You're facing a common tradeoff with distributed workflows. Do you want to spend the time/resource/compute required to determine the exact min/max, which is a pre-requisite for the binning scheme you describe, or is an approximate answer alright? If the latter, how do you design an algorithm which adequately captures the data's min/max while remaining efficient?
We can start with the exact solution, since it's easier to implement. The key is simply to find the min and max first, then digitize the data. Note that this requires computing all values in the column twice.
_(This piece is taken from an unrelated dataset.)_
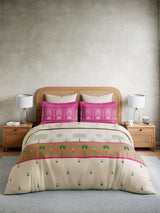 Embrace 100% Cotton King Bedsheet with 2 Pillow Covers | Pink & Beige Floral Bedsheet Set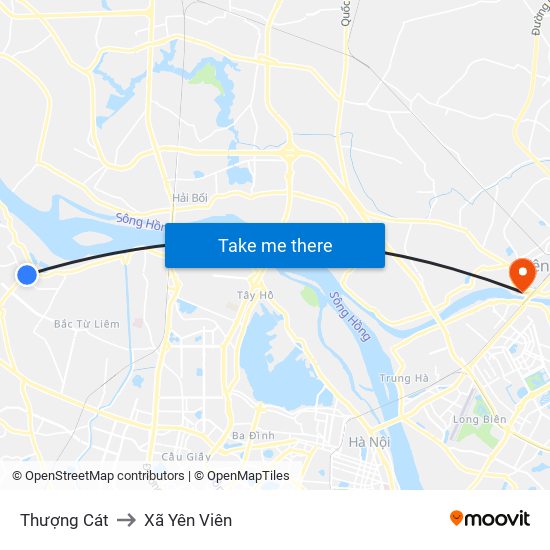 Thượng Cát to Xã Yên Viên map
If persisting the data is an option (e.g. you are working with a distributed cluster or can fit the column to be binned in memory), it would help avoid unecessary repetition:
def discretize_exact(
s: dask.dataframe.Series, K: int
) -> dask.dataframe.Series:
"""
Discretize values in dask.dataframe Series into K equal-width bins
Parameters
----------
s : dask.dataframe.Series
Series with values to be binned
K : int
Number of equal-width bins to generate
Returns
-------
binned : dask.dataframe.Series
dask.dataframe.Series with scheduled np.digitize operation
called using map_partitions. The values in ``binned`` will
be in [0, K] giving the index of the K bins in the interval
[vmin, vmax].
"""
# schedule the min/max computation
vmin, vmax = s.min(), s.max()
# compute vmin and vmax together so we only compute once
vmin, vmax = dask.compute(vmin, vmax)
# will create K - 1 equal width bins, with
# the outer ends open, such that the first bin will be
# (-inf, vmin + step) and the last will be [vmax - step, inf)
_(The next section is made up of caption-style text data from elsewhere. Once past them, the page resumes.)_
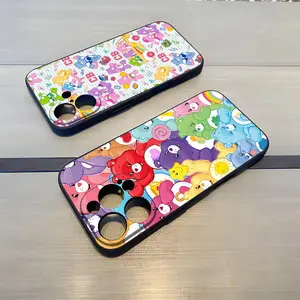 C-Care Cute B-Bears Phone Case For iPhone 17 Air 16 e Pro Max 15 14 13 Mini 12 Pro 11 Max Plus Black soft shell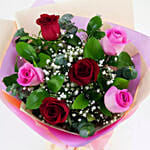 Pink And Red Roses With Red Velvet Cake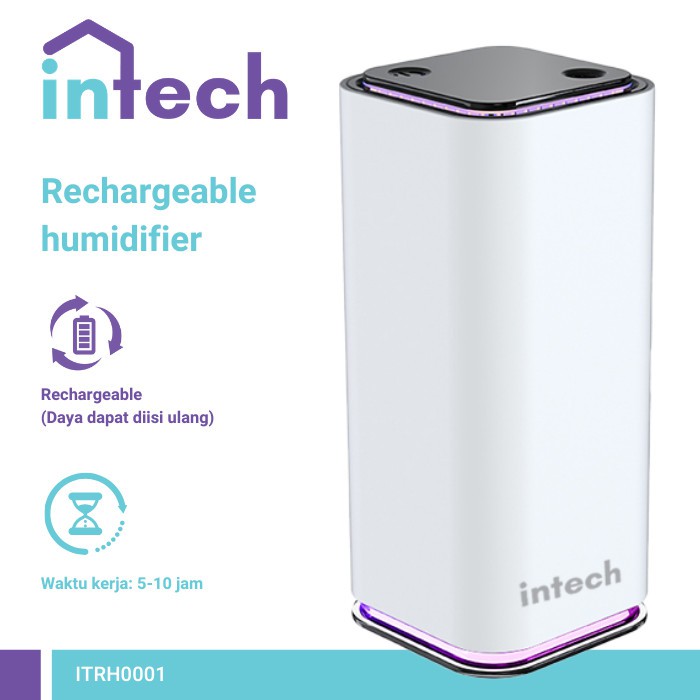 Intech Rechargeable Humidifier Pelembab Udara Pewangi Putih Original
bins = np.linspace(vmin, vmax, (K + 1))[1:-1]
return s.map_partitions(
np.digitize,
bins=bins,
meta=('binned', 'uint16'),
)
This does (I think) what you're looking for, but does involve computing the min and max first prior to scheduling the binning operation. Using an example frame:
import dask.dataframe, pandas as pd, numpy as np
N = 10000
df = dask.dataframe.from_pandas(
pd.DataFrame({'a': np.random.random(size=N)}),
chunksize=1000,
)
We can use the above function to discretize our data:
In [68]: df['binned_a'] = discretize_exact(df['a'], K=10)
In [69]: df
Out[69]:
Dask DataFrame Structure:
a binned_a
npartitions=10
0 float64 uint16
1000 ... ...
... ... ...
9000 ... ...
9999 ... ...
Dask Name: assign, 40 tasks
In [70]: df.compute()
Out[70]:
a binned_a
0 0.548415 5
1 0.872668 8
2 0.466869 4
3 0.133986 1
4 0.833126 8
... ... ...
9995 0.223438 2
9996 0.575271 5
9997 0.922593 9
9998 0.030127 0
9999 0.204283 2
[10000 rows x 2 columns]
Alternatively, you could try to approximate the bin edges. You could do this a number of ways, including sampling the dataframe to identify the min/max of one or more partitions, or you the user could provide an overly wide-estimate of the range. Note that, depending on your workflow, computing the first partition may still involve computing a large part of the overall graph, or even the entire graph if e.g. the dataframe was reshuffled in a recent step.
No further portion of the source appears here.